New mobile programs hope to bring the clinic to the patient
Consumer mobile applications aren't writing prescriptions just yet, but they also aren't making patients sit around in a waiting room.
While FDA is sorting out what kinds of mobile apps or programs might constitute a medical device (and thus require approval), scientists and technology firms are cranking out new diagnostic tools that could eventually make some waiting rooms obsolete.
Tariq Sadid of St. George's University of London is currently developing a chip that, when connected to a mobile phone, could be used to test saliva, urine or blood for sexually transmitted diseases, according to various reports yesterday. That test is still several years away from the commercial market, but other mobile health tools, like Sanofi Aventis's iBGStar blood glucose meter – which plugs directly into an iPhone or iPad - could hit the US market much sooner.
WellDoc, a technology provider for chronic disease management, will launch a diabetes management system for smart phones in early 2011, with the full sanction of FDA. Chris Bergstrom, chief strategy and commercial development officer for WellDoc, said the system, which uses a behavioral algorithm to suggest tips to users with diabetes, qualifies as a medical device under FDA's definition.
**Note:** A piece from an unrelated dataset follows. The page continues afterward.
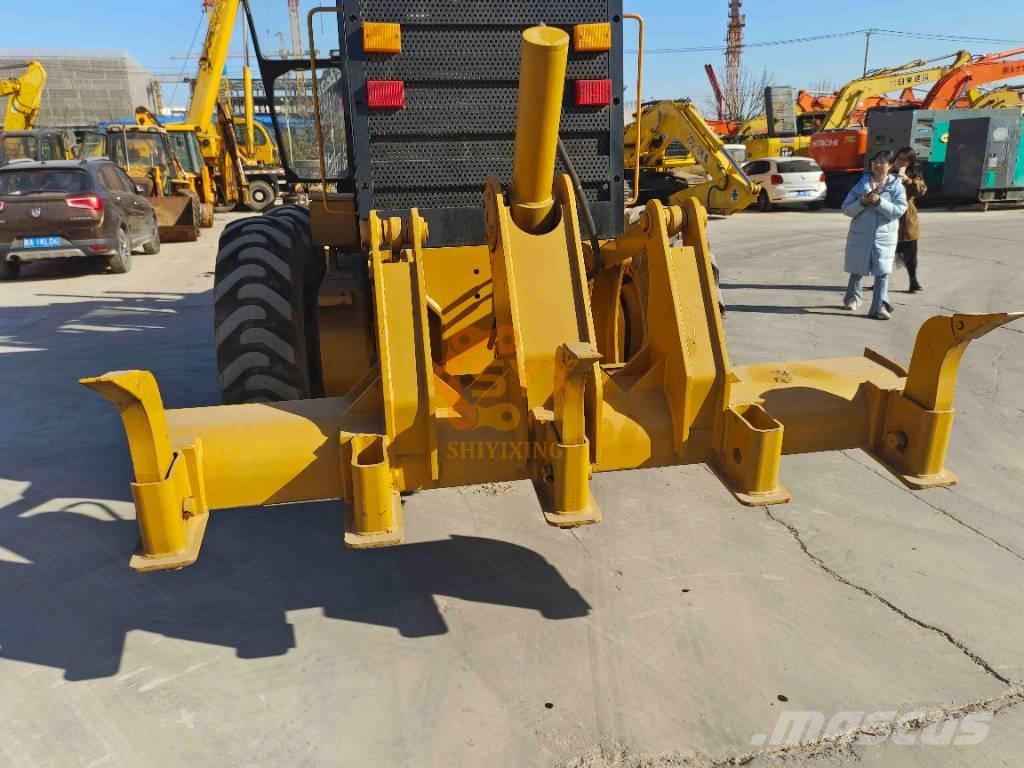 CAT 140 H Greideriai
The program received FDA approval in August, and does not include advertising. “The system is designed to deliver the best patient coaching according to the best clinical evidence and their physicians care plan, and thus could not be biased towards a particular therapy,” said Bergstrom in an email.
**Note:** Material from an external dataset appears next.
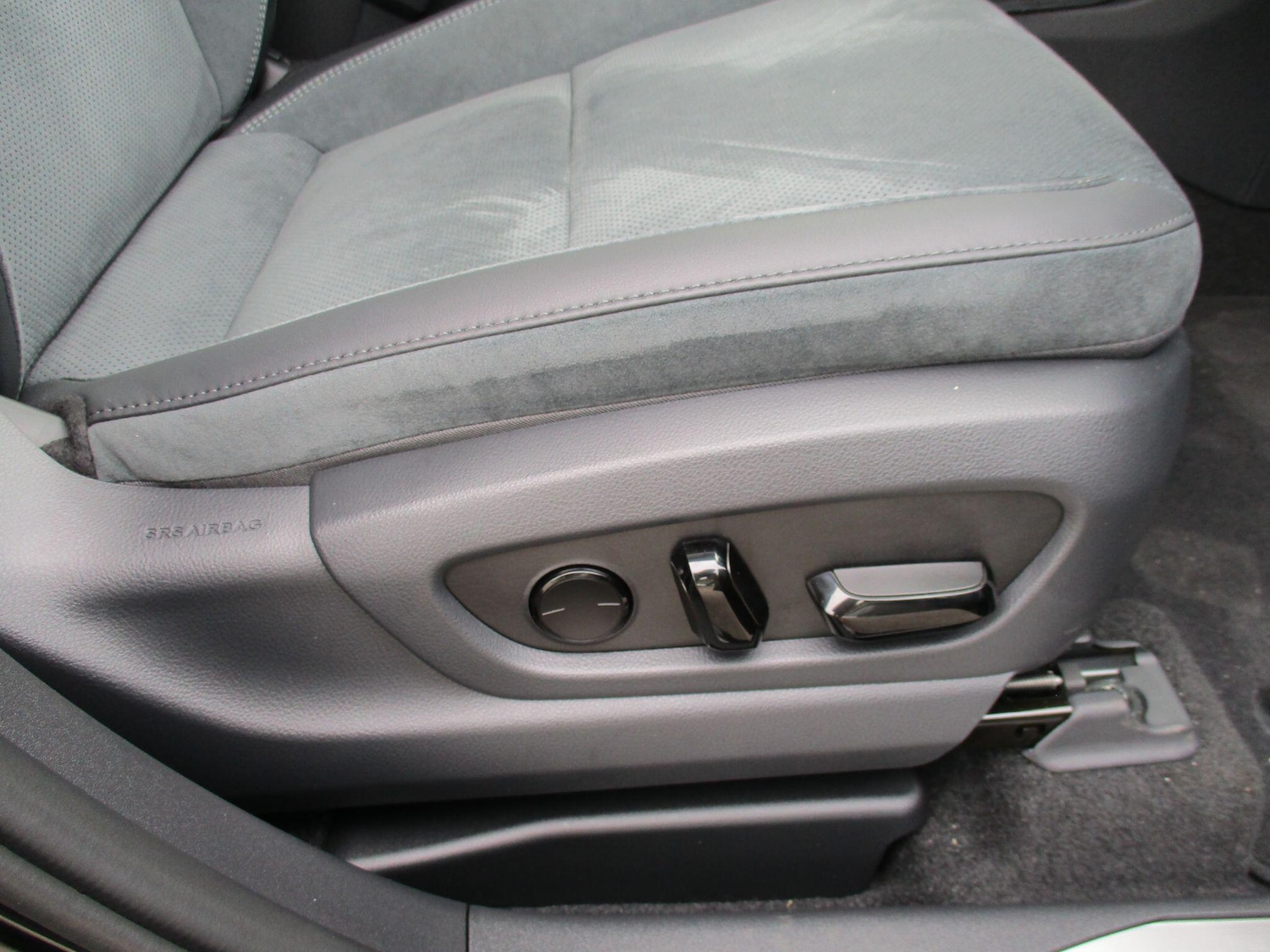 Used Lexus RZ 2025 for sale - 76250961: Photo 35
On the prospects of pharmaceutical marketing in the mobile arena, Larry Mickelberg, Euro RSCG Life Worldwide's chief digital officer, said mobile presents “a blur between marketing and [the provision of] a service.” Euro RSCG released survey data on mobile and smart phone use among consumers (here, in pdf), which found that 47% of smart phone users said they would be more likely to use online sources for health management, if those sources were available in mobile app formats. Just 17% of basic, non-smart phone mobile users agreed with that sentiment. “Marketers can't just promote [in the mobile space], they have to offer real help” to patients, said Mickelberg.
Data from the Pew Research Center's Mobile Health 2010 report, however, found that just 17% of cell phone users surveyed use their phone to look up health or medical information, and only 9% have downloaded health apps to their phones. Surveys for the Pew study were conducted by telephone between August 9 and September 13 of this year, and included 1,000 interviews in English and Spanish, according to the survey.